経済産業省は2026年2月20日、2025年大阪・関西万博における日本館の取組みを体系的に取りまとめた「日本館レガシーブック」と、教育現場で活用できる教材を整理した「日本館レガシープロジェクトレポート」および「ワークシート」を公開した。循環、ごみ、微生物(発酵)、やわらかなものづくりの4つのテーマで、小学校や中学校の総合的な探究の時間、ミニ探究としても取り組めるよう、ワークシートと補助教材も無料ダウンロードできる。
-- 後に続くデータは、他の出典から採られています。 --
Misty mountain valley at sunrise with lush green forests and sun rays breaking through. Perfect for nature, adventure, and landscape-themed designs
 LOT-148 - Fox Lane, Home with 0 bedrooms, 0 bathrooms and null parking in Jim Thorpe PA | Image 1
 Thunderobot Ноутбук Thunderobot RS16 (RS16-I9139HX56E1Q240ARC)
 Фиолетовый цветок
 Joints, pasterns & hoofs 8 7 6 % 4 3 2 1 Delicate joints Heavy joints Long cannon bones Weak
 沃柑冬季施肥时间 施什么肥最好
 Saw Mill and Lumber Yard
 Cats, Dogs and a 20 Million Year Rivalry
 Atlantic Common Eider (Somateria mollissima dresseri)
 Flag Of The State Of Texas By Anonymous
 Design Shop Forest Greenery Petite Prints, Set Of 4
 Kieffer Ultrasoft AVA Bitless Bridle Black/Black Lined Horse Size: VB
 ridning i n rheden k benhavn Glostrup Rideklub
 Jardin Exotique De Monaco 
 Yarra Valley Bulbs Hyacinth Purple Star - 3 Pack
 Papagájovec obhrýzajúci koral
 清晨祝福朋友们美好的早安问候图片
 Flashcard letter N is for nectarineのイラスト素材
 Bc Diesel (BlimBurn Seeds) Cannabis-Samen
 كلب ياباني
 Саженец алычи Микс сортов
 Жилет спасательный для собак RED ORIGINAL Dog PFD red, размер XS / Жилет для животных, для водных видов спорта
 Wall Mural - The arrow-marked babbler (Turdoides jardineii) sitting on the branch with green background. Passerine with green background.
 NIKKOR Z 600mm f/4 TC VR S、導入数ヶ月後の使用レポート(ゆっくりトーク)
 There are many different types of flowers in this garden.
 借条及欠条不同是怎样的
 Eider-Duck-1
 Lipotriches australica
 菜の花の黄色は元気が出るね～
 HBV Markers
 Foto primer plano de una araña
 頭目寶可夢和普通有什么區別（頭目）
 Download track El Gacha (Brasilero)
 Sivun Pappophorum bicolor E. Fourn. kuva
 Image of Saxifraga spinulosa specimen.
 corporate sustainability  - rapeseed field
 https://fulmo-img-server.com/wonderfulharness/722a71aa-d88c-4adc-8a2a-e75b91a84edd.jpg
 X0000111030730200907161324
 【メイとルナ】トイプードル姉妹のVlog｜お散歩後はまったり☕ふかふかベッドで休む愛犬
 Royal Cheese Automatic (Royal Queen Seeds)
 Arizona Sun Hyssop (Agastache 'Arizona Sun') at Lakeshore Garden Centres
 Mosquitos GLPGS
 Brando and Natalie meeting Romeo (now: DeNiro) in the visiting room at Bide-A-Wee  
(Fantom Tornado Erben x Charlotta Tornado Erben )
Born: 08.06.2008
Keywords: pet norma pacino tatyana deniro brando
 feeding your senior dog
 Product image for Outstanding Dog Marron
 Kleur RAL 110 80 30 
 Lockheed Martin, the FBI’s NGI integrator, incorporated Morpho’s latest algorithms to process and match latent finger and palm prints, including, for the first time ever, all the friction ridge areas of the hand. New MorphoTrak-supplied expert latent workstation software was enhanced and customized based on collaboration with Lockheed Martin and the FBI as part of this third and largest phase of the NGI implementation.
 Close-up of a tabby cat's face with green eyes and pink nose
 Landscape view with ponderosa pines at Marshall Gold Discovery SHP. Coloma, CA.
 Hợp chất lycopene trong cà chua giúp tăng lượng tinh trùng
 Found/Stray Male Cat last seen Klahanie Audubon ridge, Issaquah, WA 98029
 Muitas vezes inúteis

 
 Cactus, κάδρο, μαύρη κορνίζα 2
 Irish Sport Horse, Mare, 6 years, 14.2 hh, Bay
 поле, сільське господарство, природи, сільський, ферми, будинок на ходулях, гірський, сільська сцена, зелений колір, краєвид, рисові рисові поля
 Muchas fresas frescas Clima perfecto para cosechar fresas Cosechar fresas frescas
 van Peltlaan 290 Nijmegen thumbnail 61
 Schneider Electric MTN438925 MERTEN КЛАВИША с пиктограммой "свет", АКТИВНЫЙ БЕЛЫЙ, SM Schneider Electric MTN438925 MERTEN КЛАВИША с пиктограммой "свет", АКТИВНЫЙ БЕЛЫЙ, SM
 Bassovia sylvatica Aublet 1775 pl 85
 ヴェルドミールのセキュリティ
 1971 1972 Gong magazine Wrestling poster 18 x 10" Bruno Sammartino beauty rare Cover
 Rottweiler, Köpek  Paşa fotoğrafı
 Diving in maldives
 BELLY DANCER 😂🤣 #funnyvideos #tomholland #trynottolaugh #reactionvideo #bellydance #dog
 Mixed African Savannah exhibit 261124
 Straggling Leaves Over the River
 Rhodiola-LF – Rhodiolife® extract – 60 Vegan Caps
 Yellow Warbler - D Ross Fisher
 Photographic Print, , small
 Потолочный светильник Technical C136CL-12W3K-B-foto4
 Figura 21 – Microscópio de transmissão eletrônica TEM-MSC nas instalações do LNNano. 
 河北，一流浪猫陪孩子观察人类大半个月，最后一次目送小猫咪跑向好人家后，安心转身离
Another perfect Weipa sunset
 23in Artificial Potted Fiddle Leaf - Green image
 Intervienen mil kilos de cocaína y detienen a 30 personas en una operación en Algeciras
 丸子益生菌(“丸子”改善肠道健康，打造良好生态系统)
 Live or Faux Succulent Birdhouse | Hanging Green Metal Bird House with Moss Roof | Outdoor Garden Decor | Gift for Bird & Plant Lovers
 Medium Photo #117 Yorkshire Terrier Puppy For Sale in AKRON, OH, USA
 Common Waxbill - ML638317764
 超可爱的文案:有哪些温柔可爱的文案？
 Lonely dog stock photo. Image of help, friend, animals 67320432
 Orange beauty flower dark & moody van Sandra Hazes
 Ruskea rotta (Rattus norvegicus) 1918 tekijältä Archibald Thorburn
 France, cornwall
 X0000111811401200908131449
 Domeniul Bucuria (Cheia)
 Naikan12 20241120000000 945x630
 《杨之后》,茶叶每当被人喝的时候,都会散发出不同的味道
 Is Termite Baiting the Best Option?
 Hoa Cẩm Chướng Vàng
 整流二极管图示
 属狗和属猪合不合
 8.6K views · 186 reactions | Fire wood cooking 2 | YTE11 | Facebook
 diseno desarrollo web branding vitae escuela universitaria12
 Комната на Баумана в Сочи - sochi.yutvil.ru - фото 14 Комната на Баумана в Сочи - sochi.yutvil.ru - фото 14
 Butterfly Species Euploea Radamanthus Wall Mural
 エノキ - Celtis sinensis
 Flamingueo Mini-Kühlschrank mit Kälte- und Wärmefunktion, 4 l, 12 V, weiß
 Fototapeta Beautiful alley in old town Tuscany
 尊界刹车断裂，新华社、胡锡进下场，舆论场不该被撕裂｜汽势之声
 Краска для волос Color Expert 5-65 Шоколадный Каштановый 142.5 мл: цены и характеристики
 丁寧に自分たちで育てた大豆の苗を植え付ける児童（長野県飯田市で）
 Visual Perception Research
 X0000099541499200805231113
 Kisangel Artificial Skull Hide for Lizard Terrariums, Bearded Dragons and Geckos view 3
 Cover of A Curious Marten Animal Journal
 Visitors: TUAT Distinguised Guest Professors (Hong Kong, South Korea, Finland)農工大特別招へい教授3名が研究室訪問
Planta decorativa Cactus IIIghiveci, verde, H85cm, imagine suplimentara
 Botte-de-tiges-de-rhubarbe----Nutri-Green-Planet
世界中の技術や文化、伝統が一堂に会する万博は、人類が積み重ねてきた知恵を共有する機会となった。近年では、こうした知恵を次の世代に受け継ぐ観点から「ソフトレガシー(見えない遺産)」のあり方が注目されているという。
日本館レガシープロジェクトは、「循環」をテーマにした日本館の理念を次世代に伝えることを目的に実施。実際のプロジェクトでは、大学生が中学生に向けて授業を行い、対話や共創を通じて、日本館のレガシーをジュニア世代へつなぐ活動を展開した。
日本館レガシーブックは、日本館が「循環」を通じて何を伝え、来館者や参加者にどのような気付きや変化をもたらしたのかを振り返る構成になっている。来館者数やアンケート結果などの客観的データに加え、来館者の声を通じて、日本館が与えた影響を多面的に整理している。また、建材やユニフォームの再活用、デジタルアーカイブなど、閉幕後も「今も続いている」日本館の取組みや、誰もがアクセスできるレガシーの具体例も紹介している。
日本館レガシープロジェクトレポートは、同プロジェクトに参加した学生の取組みや気付きを取りまとめたもの。ワークシートは、学生がプロジェクトを通して考えた問いをもとに、持続可能な未来について自ら考え、探究するための教材として活用できる。
このほか補助教材では、各問いのねらいやレッスンごとの指導のポイントを整理しており、学校の総合的な探究学習などで活用する際に、学びへの導入や問いかけのきっかけとして活用できる。
利用は無料。学校や地域、個人などを問わず、さまざまな場面で活用することができる。いずれの教材も経済産業省のWebサイト内「日本館レガシー」で公開している。SDGs、サステナビリティ、国際理解、万博、さまざまな視点で取り組みやすい素材になっている。